These days, he finds himself prefer things the way they are instead of hoping

for change. After all, he's spent the first half of his life learning lessons

and wanted to hold onto what's learned for a while.

 

Three months ago, the DMV urged him to upgrade his expiring driver's license to

a new Real ID that he could use to board an airplane. He immediately set out to

search on their Website for a way to downgrade, maybe, to a Fake one. In the

end, he had to settle with something inbetween, which was of the exact kind of

DL that he's used for the past 16 years.

 

At work, he used to hate changes in the code except for his own. Sometimes, he

had a good reason: the major module he contributed has stood the test of time

and given no problems. This gave him the right to be bitter for a while that

the author of the code replaced by this work got promoted to architect and yet

Bill himself had stuck at the position of a senior engineer.

 

But nowadays, he has come to terms with others' code. He even can appreciate the

buggy. For one thing, aging has seemed to improve his immunity to headaches, and

he no longer feels pressure from work no matter how serious or urgent a problem

looks. He has started to see bugs as the reason for an older and more experienced

programmer to stay engaged with the world.

 

Among bugs, performance issues are often hard to fix. The software works

correctly, which is expected, but just not fast enough, which is intolerable as 

it makes the product look bad compared with competition. Pressure would trickle

down the food chain from Wall Street (read the god of greed and fear) to

customers to vendors and to managers and eventually, the buck stops at a few

programmers.

 

Recently, Bill was drafted from his little forgotten corner to help put out fire

before the release.

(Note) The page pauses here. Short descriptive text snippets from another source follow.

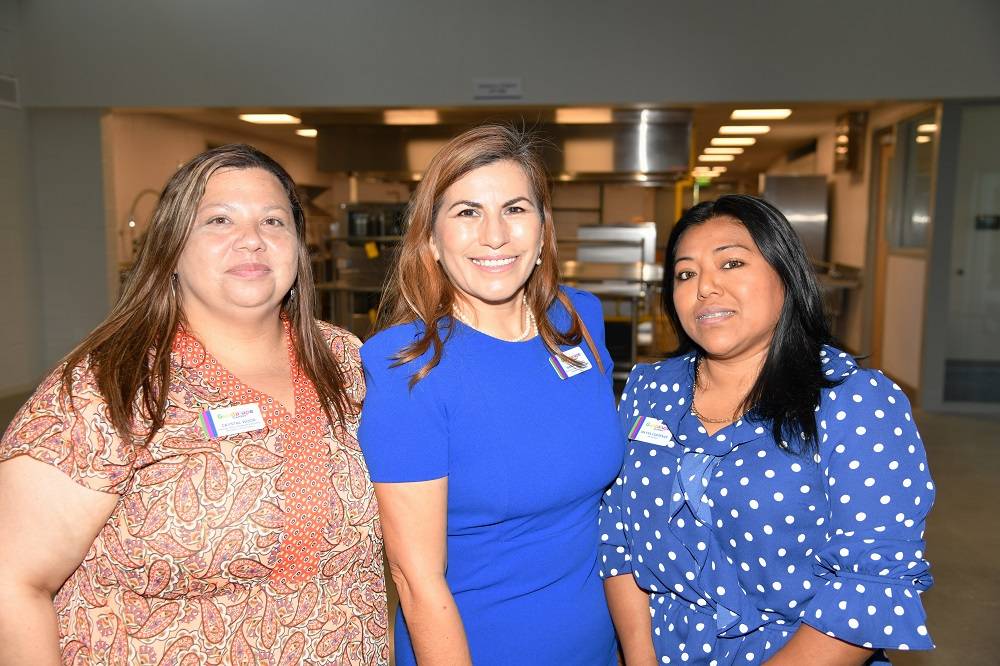 Crystal Wood, Maria Cancino, Mayra Cardenas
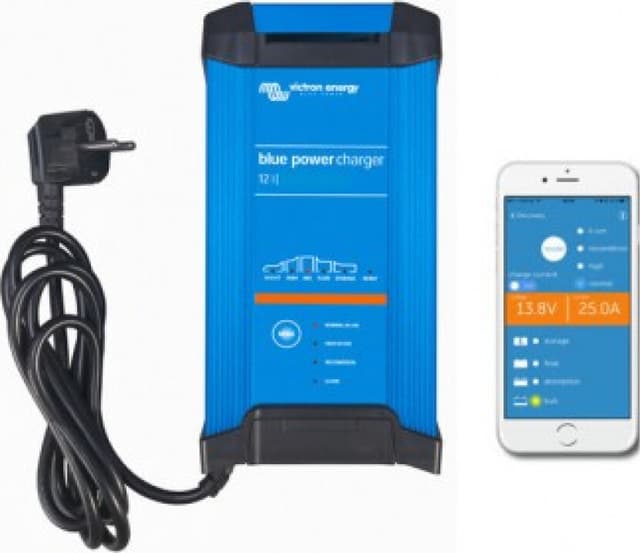VICTRON Blue Smart IP22 Batterilader 24V 16A 1-kanal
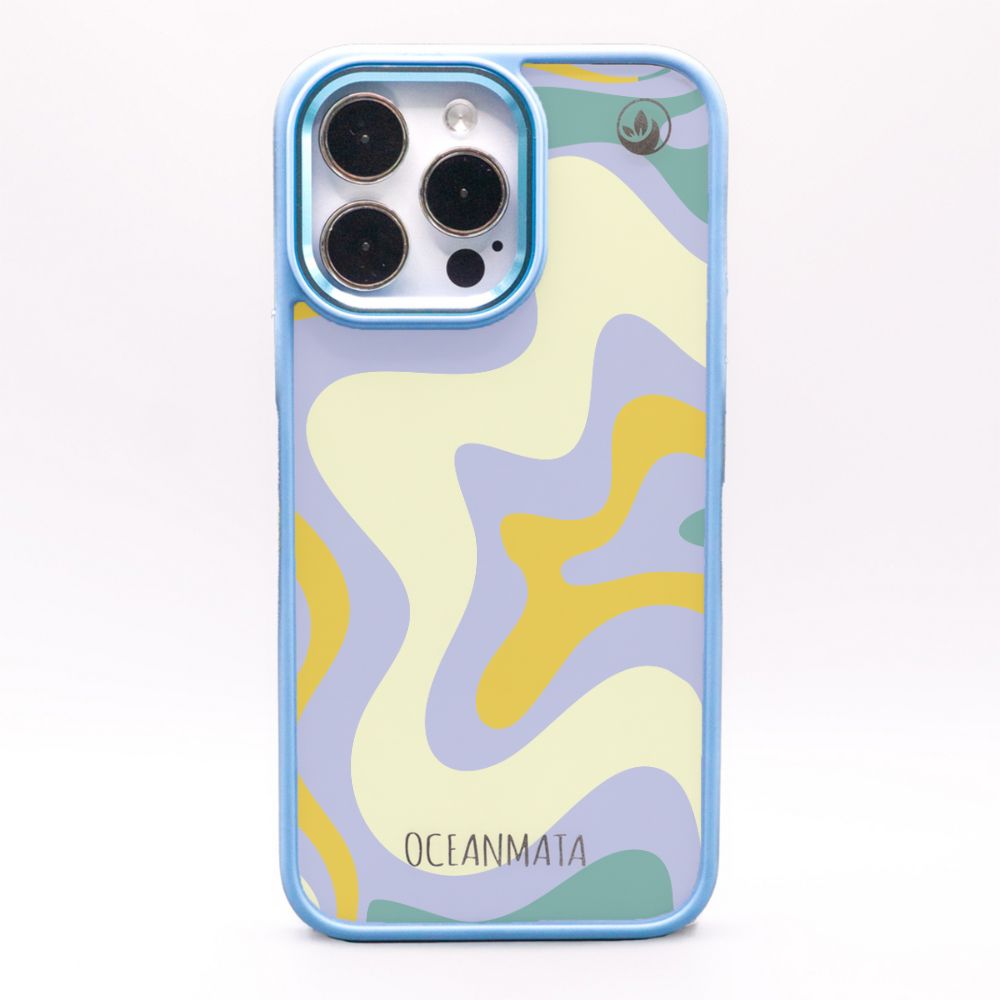 iPhone 16 pro Hülle - Retro Summer - nachhaltig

He and the team lead both worked on a tough bug.

 

From the beginning, he made the mistake by digging at the wrong part of the

code and got nowhere. It was more revealing that after he showed what

he had done so far, no one could point out the flaw in his assumptions. At this

level, the corporate heirachy was useless at best and often harmful. Following 

managers or higher-ranked engineers, one could end up just as clueless.

Everyone was created equal before the sphaghetti code that defied human

understanding.

 

Following nobody and rejecting input from others was Bill's forte. He was not

quick enough to question his own premises, though. Instead, a false confidence

took hold of him as he approached his task with aplomb like never before.

 

Two weeks of intense collective theorizing and scrutinizing passed in a blink 

and at the end of a Wed when they checked, the program miraculously sped up!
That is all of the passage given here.